Loyola has had a World Religions course for 25 years

Paul Donovan, principal of Loyola High School, explains why his school was surprized that it was not allowed to teach its World religion course:
"The high school taught the course long before it became popular to do so.

Over the last few months there has been a barrage of editorials and opinion pieces regarding the government's Ethics and Religious Culture program. What has greatly fascinated me is reading the opinions of others about what we do at Loyola High School and what our motivations are for the upcoming court case. None of those who have written against Loyola's stance has called to speak with us and hear firsthand what our position actually is; they have simply presumed that they know what we are about. Michael Schleifer's article ("Québec' ethics and religion course is worth defending," Opinion, May 19) is a perfect example. It is especially intriguing given that a major part of the ERC is supposed to be about dialogue, the recognition of others and tolerance of different values and perspectives. I thought it might be enlightening if I outlined Loyola's position. World Religions has been a course at Loyola for well over 25 years and mandatory for the last 12; we made the decision that no student should graduate from Loyola without a healthy knowledge and respect for other religions. We made this decision long before it was a popular thing to do, as it is completely in keeping with our educational philosophy. Every ethical issue and the variety of positions outlined in ERC has been a part of our program for as long as I can remember (which includes my time as a student). I would argue that by the time our students graduate, they are able to write any test on world religions or ethics that the ministry would like to create. So what is our issue with the program.
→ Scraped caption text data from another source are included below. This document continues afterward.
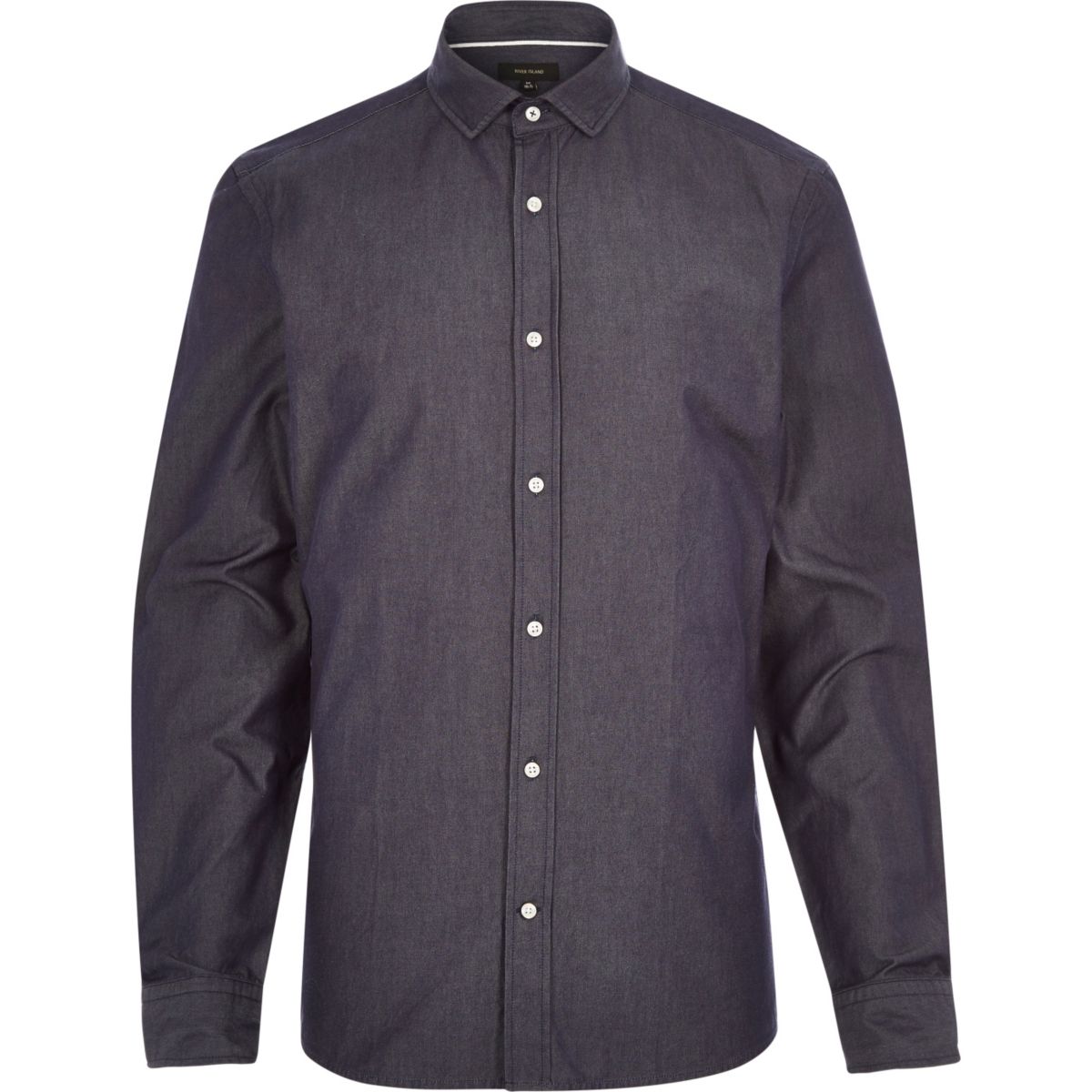 Navy dark denim long sleeve shirt - Shirts - Sale - men
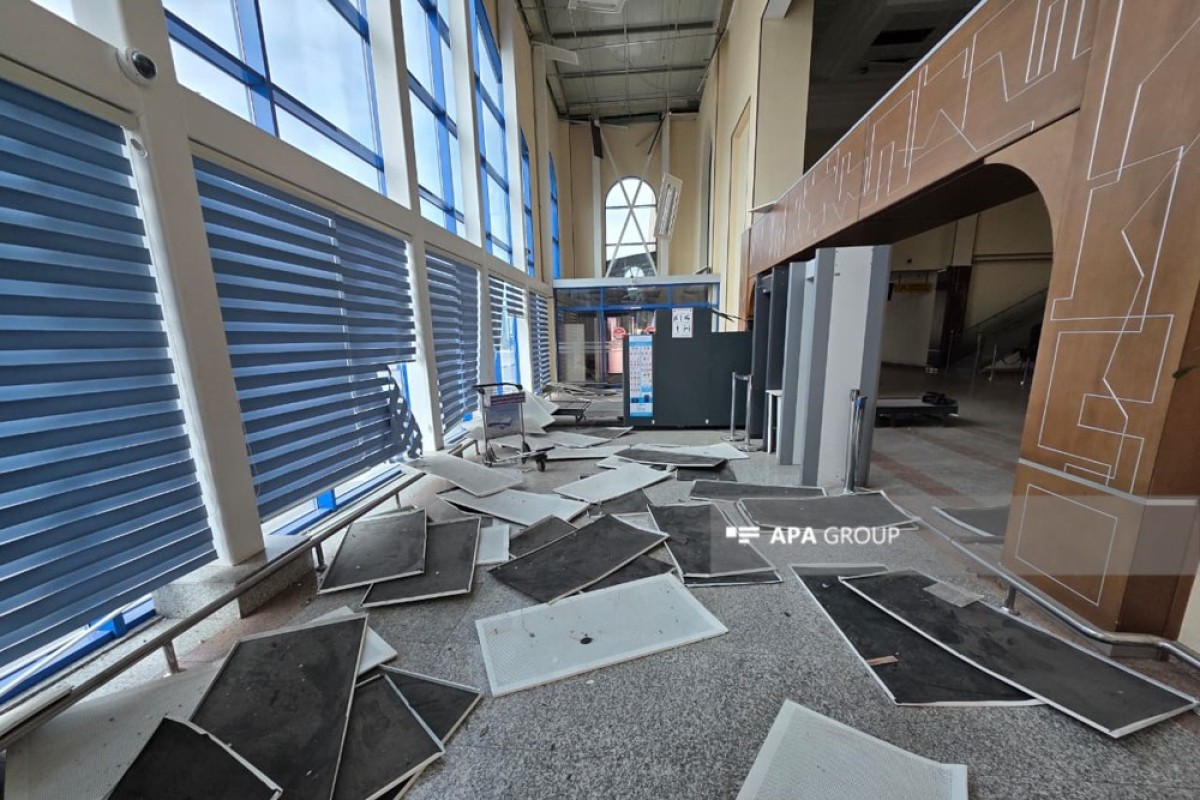 Нахчыванский аэропорт после падения иранского дрона-ФОТО 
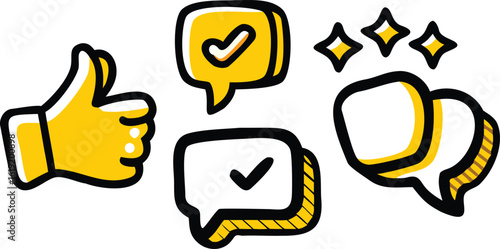 thumb up and down symbol sign illustration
Before answering, I would like to point out that we have studied the entire program; at least six different series of texts proposed for use with the program and have studied the philosophy behind it as described by Georges Leroux and Denis Watters. While no one would suggest that the proposed goals of the program – pursuit of the common good and the recognition of others – are anything but worthy, does the worth of the goals automatically mean that this particular program will accomplish them? Are we not permitted to ask that question without being labeled "fanatics or extremists"? So much for tolerant dialogue. We actually have far more experience with teaching and implementing programs like these than the ministry or any of the philosophers who have devised the ERC. Our request to the Ministry of Education was simply to allow us to teach all of the competencies, content and goals of the program using a structure and methodology that is more in keeping with our Jesuit and Catholic identity. We were informed that these things cannot be taught "according to ministerial expectation" in a Catholic context. Our question to the courts, since the ministry would not talk with us, is quite simply, "Why not?" If, as Schleifer so proudly points out, the values and ideals of the program are universal, then surely we can explore them as Catholics. Did Martin Luther King put aside his Baptist Christian roots to stand up for civil rights or did his stand flow out of his beliefs? Did Gandhi put aside his Hinduism to pursue non-violence in a secular way or did his philosophy flow from his spirituality? The common good is not secular; it is common. Can we not pursue these things from within our own traditions and beliefs or do we all need to become secularists first? Does the ERC's vision of pluralism mean that we must all think in the same reductionist way or can we all explore and contribute to the common good from the uniqueness and beauty in the diversity of our beliefs? If this is an extremist or fanatical position then I must not understand the terms."

mercredi 20 mai 2009

Course breaks the golden rule

Lettre envoyée à la Gazette de Montréal par Ed Hoyer de Roxboro  :
Michael Schleifer completely sidesteps the concerns raised by William Johnson and the questions raised by Loyola High School.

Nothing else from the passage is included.